● EXERCISE DIRECTIONS
Shown below is a listing with pictures; reproduce exactly, and only, the lines between the ones containing "Green Scarf Back Case for iPhone 11 Logo Cut" and "G-LEAF Vintage Baroque", inclusive, leaving the pictures out.

● EXERCISE DATA
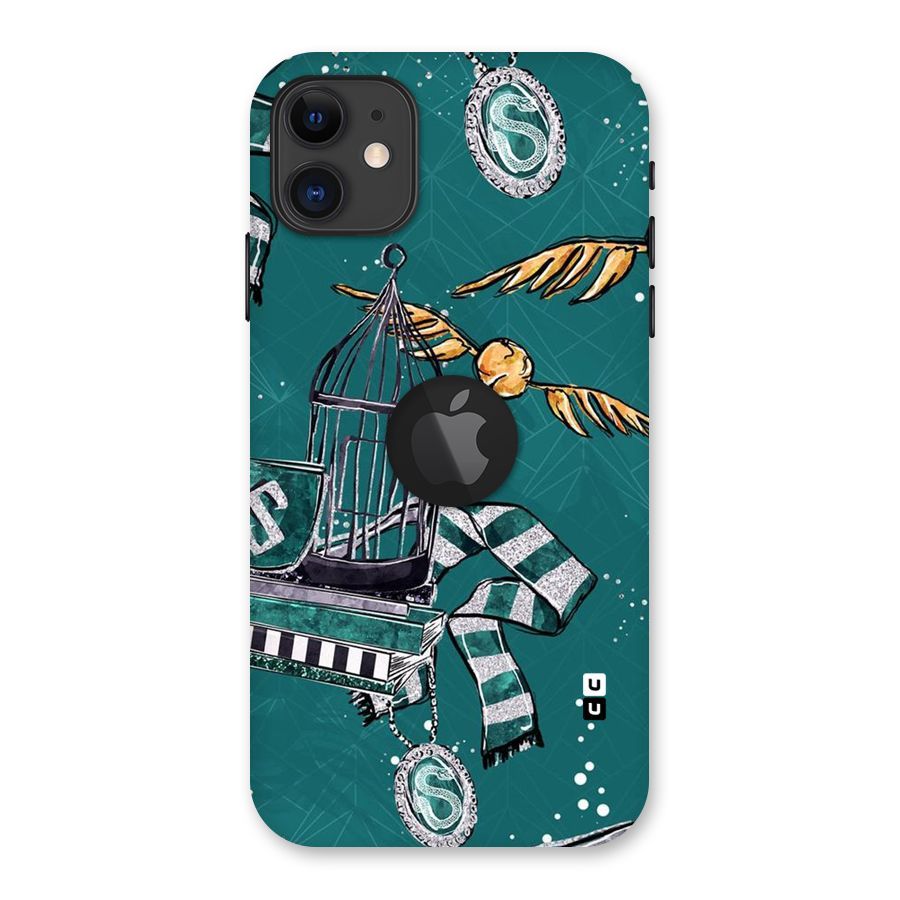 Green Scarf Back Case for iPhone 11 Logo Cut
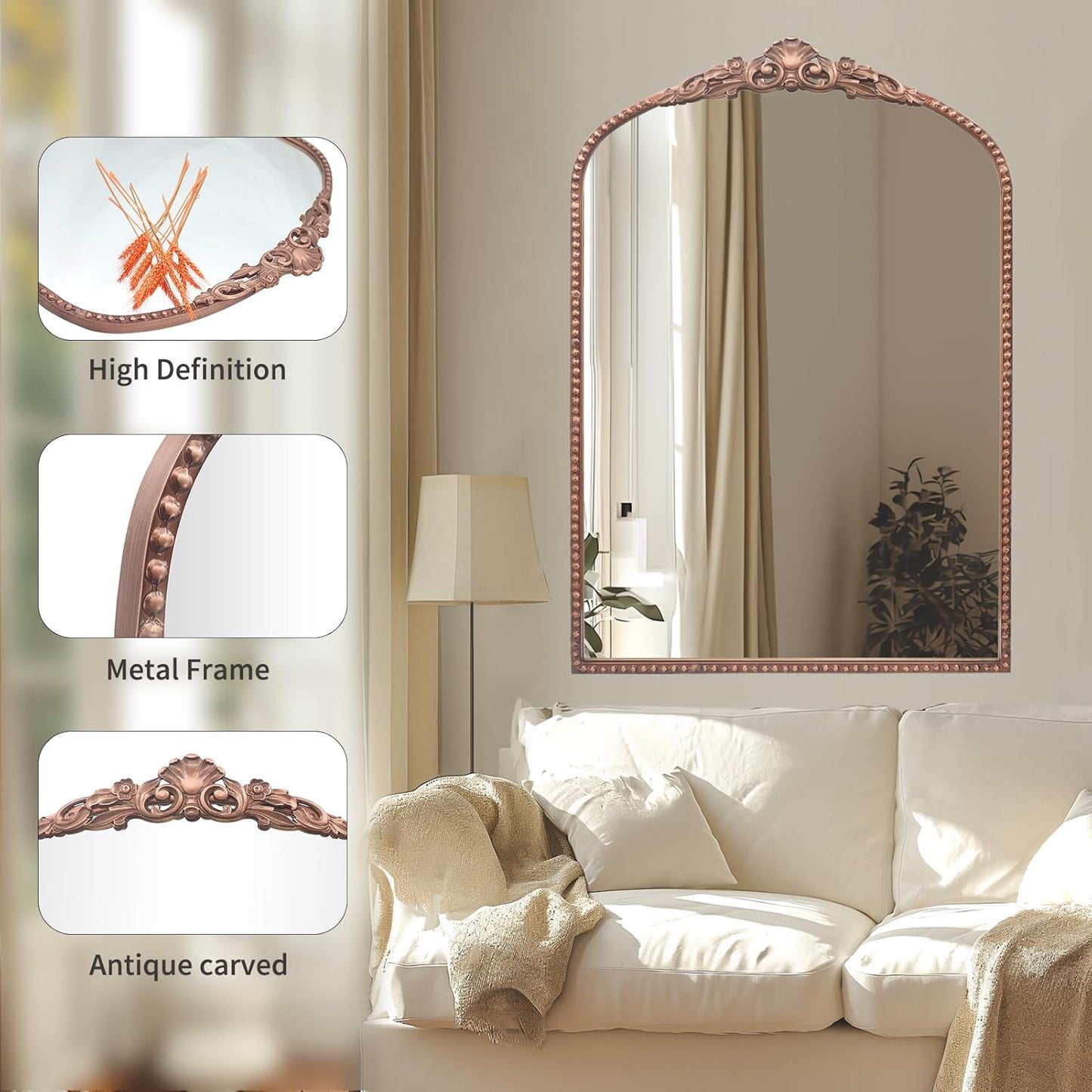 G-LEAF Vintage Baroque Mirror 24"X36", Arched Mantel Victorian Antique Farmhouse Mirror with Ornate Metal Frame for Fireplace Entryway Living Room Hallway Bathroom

---

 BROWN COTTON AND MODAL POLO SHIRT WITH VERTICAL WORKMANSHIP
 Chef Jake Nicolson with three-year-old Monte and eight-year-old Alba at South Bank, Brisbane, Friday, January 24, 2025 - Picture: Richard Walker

...

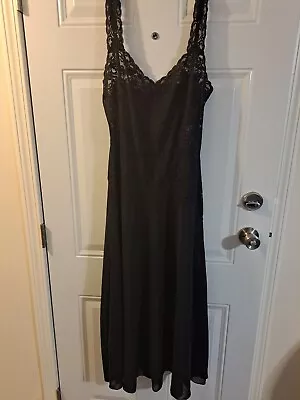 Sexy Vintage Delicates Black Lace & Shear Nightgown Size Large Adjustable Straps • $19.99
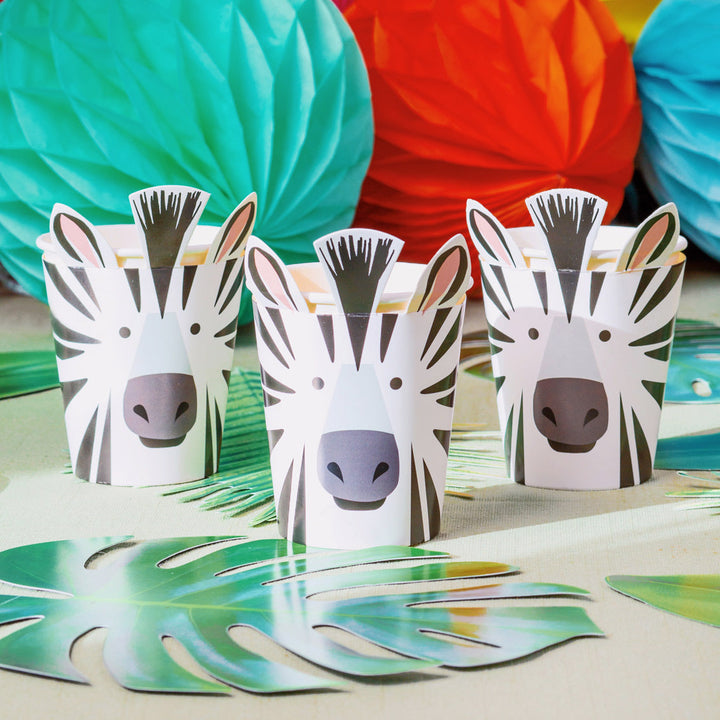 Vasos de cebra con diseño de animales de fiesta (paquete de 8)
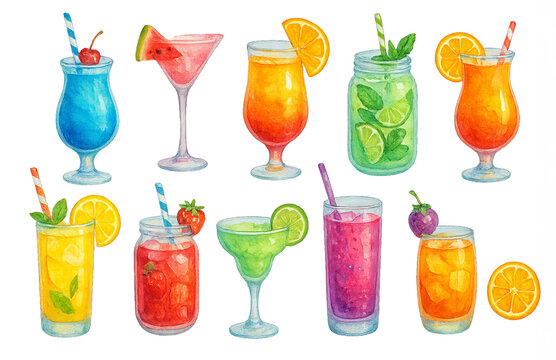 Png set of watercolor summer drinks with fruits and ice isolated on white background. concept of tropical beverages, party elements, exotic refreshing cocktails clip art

● ANSWER SPACE
 Green Scarf Back Case for iPhone 11 Logo Cut
 G-LEAF Vintage Baroque Mirror 24"X36", Arched Mantel Victorian Antique Farmhouse Mirror with Ornate Metal Frame for Fireplace Entryway Living Room Hallway Bathroom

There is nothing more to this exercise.